According to the Federal Reserve’s recent Beige Book report, the overall economy in the US is progressing at a “modest to moderate” pace and, in fact, used those two words 110 times within the 47-page report. Clearly some regions are doing better than others. People in North Dakota, by example, wouldn’t know there was an economic downturn if they didn’t hear about it on the news. Oil extraction over there is a huge benefit to their economic situation. Other parts of the country are struggling to recover.
Employment numbers came in as ‘mixed’ for May. The unemployment rate increased from 7.5% to 7.6% last month due largely to more people re-entering the labor force. The good news is that continuing jobless claims declined to less than 3 million for the first time in more than four years. Private Non-Farm Payrolls added 178,000 jobs and April numbers were revised downward by 19,000 jobs. The four-week rolling average for weekly first-time jobless claims was right at 350,000 claims. These are all numbers that fit into the category of “modest to moderate” improvement relative to employment statistics. The Bureau of Labor & Statistics models an adjustment to the labor markets referenced as the Birth/Death model.
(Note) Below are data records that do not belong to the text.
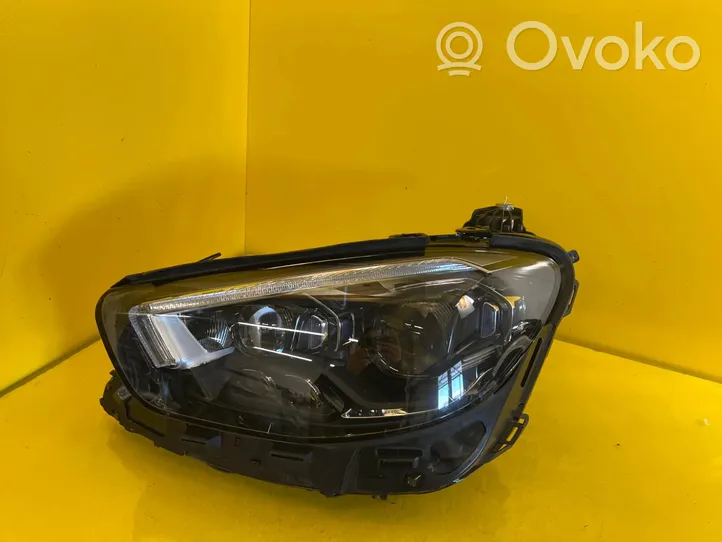 Mercedes-Benz E W213 Lampa przednia A2139060110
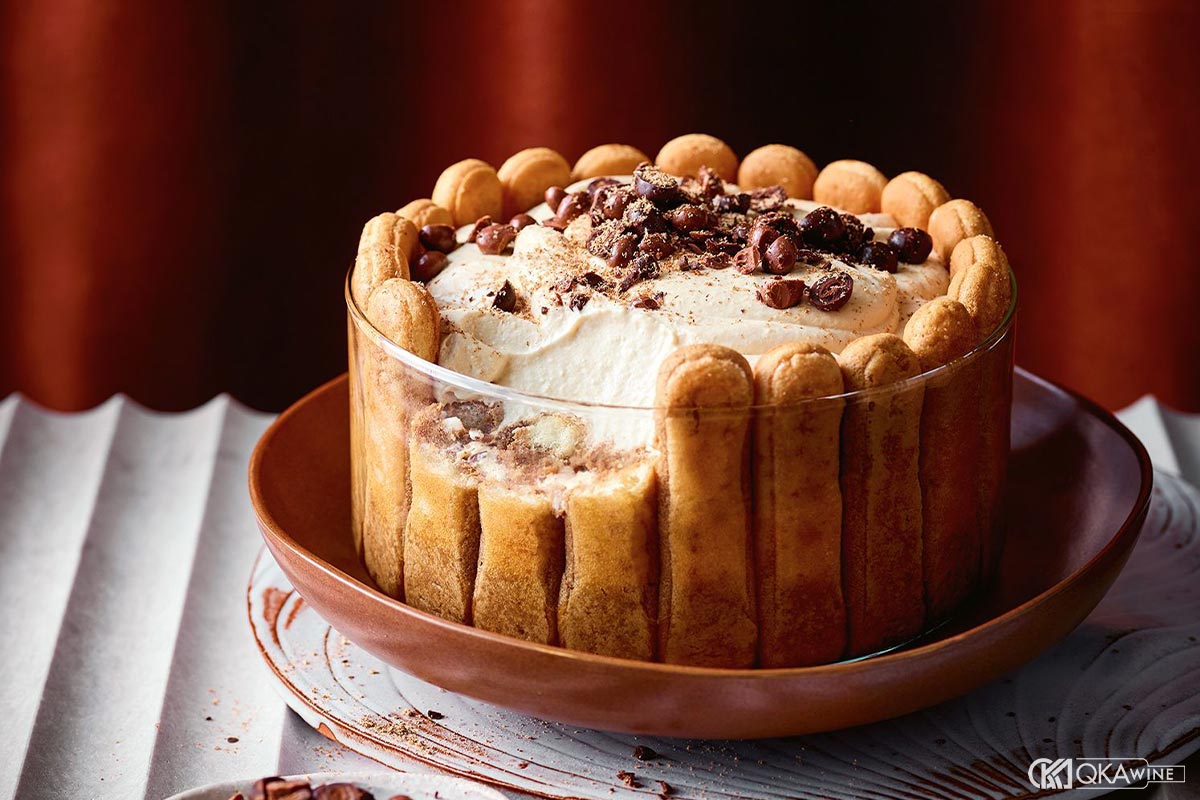 Dùng rượu rum làm bánh Tiramisu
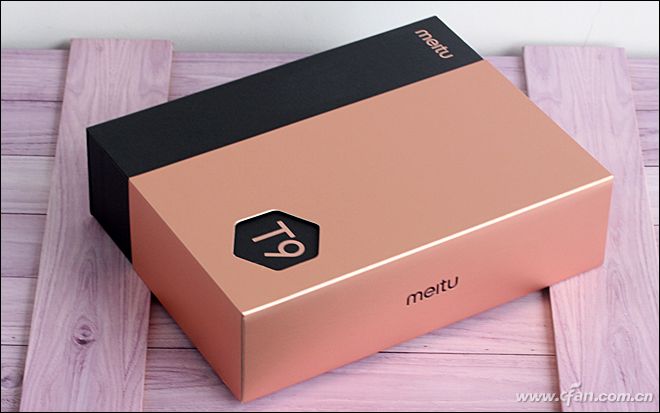 9.9元秒杀自拍神器,39元多功能自拍神器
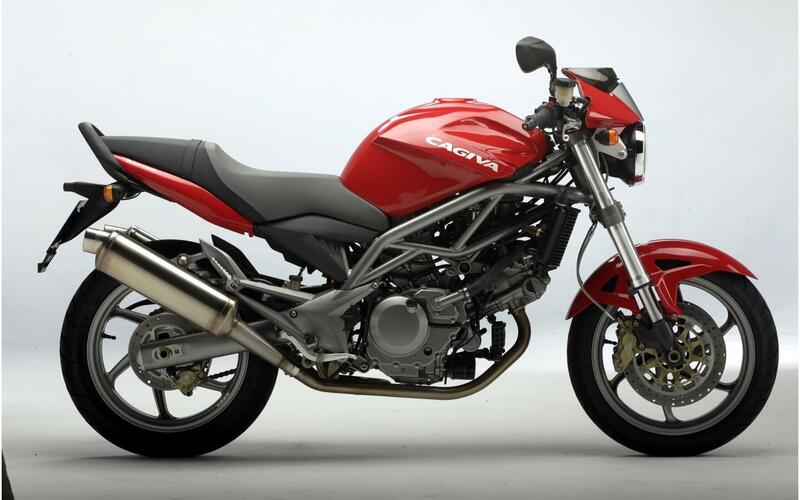 La Cagiva Raptor &egrave; stata proposta anche con motore 650, sempre costruito dalla Suzuki e sempre con i cilindri a V di 90&deg;. L&rsquo;eccellente ciclistica, basata su di uno splendido telaio a traliccio in tubi di acciaio, assicurava superlative doti di guida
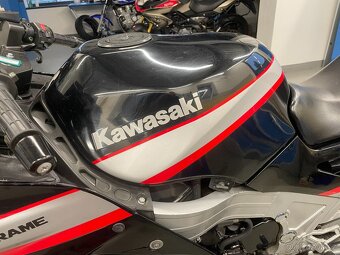Kawasaki ZX10 - 10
Last month that accounted for an additional 205,000 people. In other words we needed to increase Non-Farm Payrolls by that amount just to stay even, therefore the 178,000 jobs added fell short.
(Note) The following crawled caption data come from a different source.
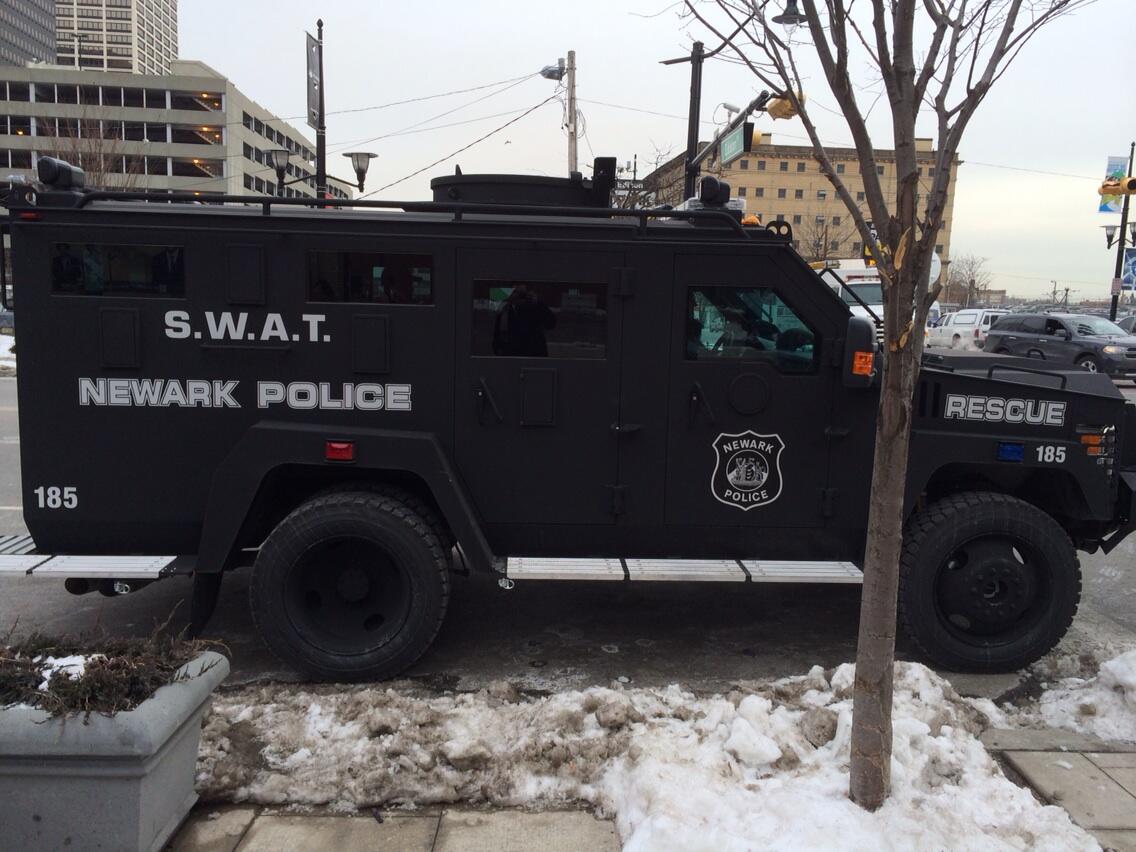 Twitter 上的darren Rovell No Joke Newark Police Swat Truck Outside Media Day Http T Co Jpstayejns Twitter Twitter 上的darren Rovell No Joke Newark Police Swat Truck Outside Media Day Http T Co Jpstayejns Twitter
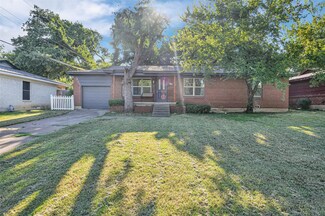 916 Acorn St, Bedford, TX 76022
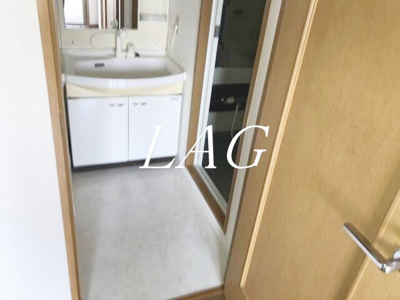 【洗面所】 | パレステュディオ笹塚 | 洗面台です。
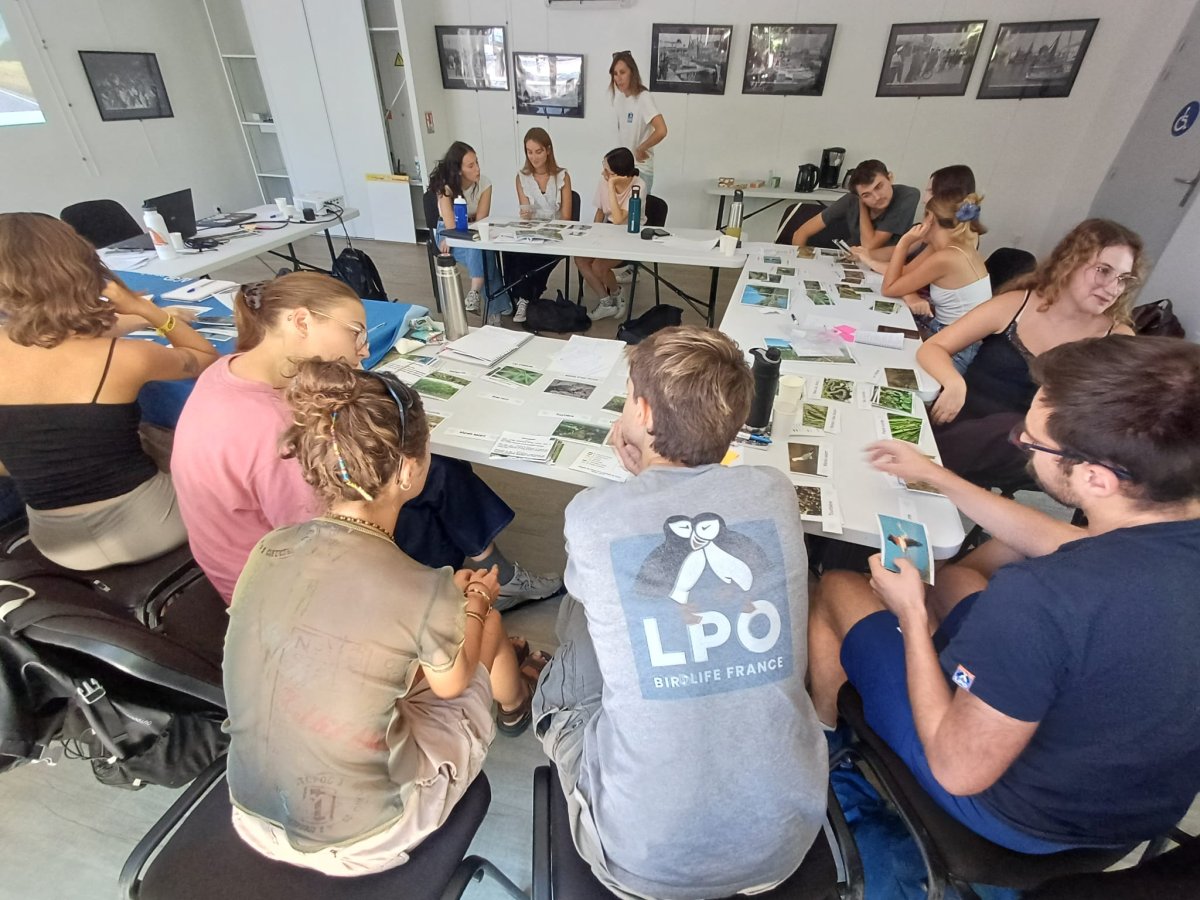 Groupe lors de la première journée de la Formation Civique et Citoyenne © LPO PACA
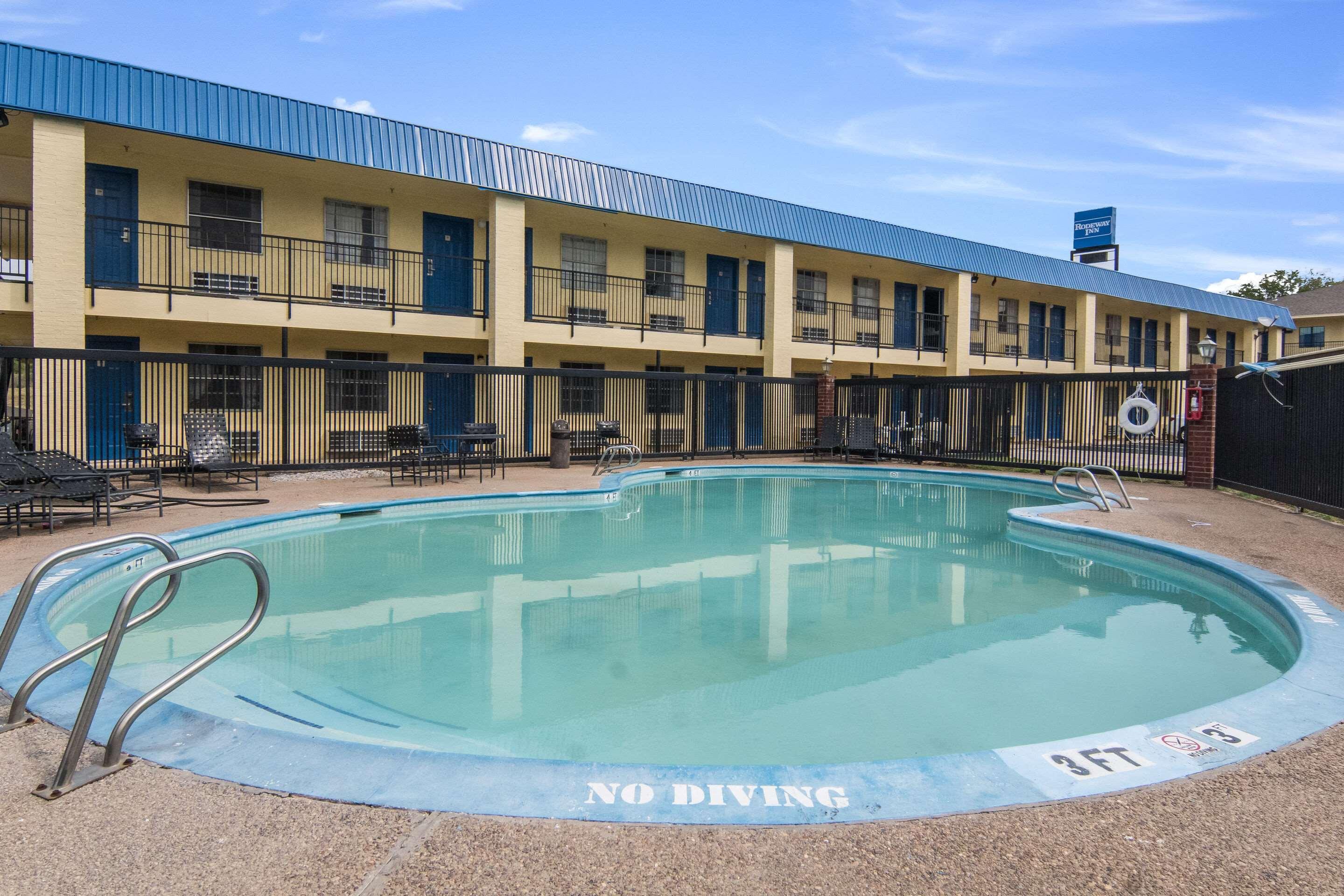 Rodeway Inn Weatherford Exterior photo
We saw a few changes within the housing markets. Existing home sales remained at nearly 5 million annualized units sold for April and the Case-Shiller year-over-year home price index was up nearly 11%. New home sales were up slightly at 454,000 annualized units, while housing starts declined in April by nearly 170,000 units. In contrast building permits increased by almost 130,000 units, which is not uncommon for the summer season.
The Institute for Supply Management (ISM) manufacturing index fell from 50.7 to 49.0. Whenever the index falls below ‘50’, it is a signal for economic contraction; however, one month is insufficient to formulate a conclusion. The bigger contributor to the economy is the ISM Service Index which actually improved in May from 53.1 to 53.7, supporting the notion for expansion on the service side.
Recently there has been a fair amount of speculation around when the Federal Open Market Committee (FOMC) will begin to taper its purchasing of government securities. Presently they are purchasing around $85 billion per month. Just the talk about this speculative discussion has caused both the bond markets and the stock markets to waffle. Until the FOMC stops using words like “modest & moderate” in their definition of “recovery”, it is unlikely we will see any tapering of their security purchases. They have been fairly clear about their desire to have the recovery be sustainable and, pulling their support too soon would quickly unwind a slow but improving economy. They have also gone on record as saying they want to see unemployment at 6.5% before seriously cutting back on their purchases. That’s a far cry from the 7.6% today.
Meanwhile inflation rates remain very modest and have been running between 1.5% and 2.0%, again well below the FOMC target rate for inflation.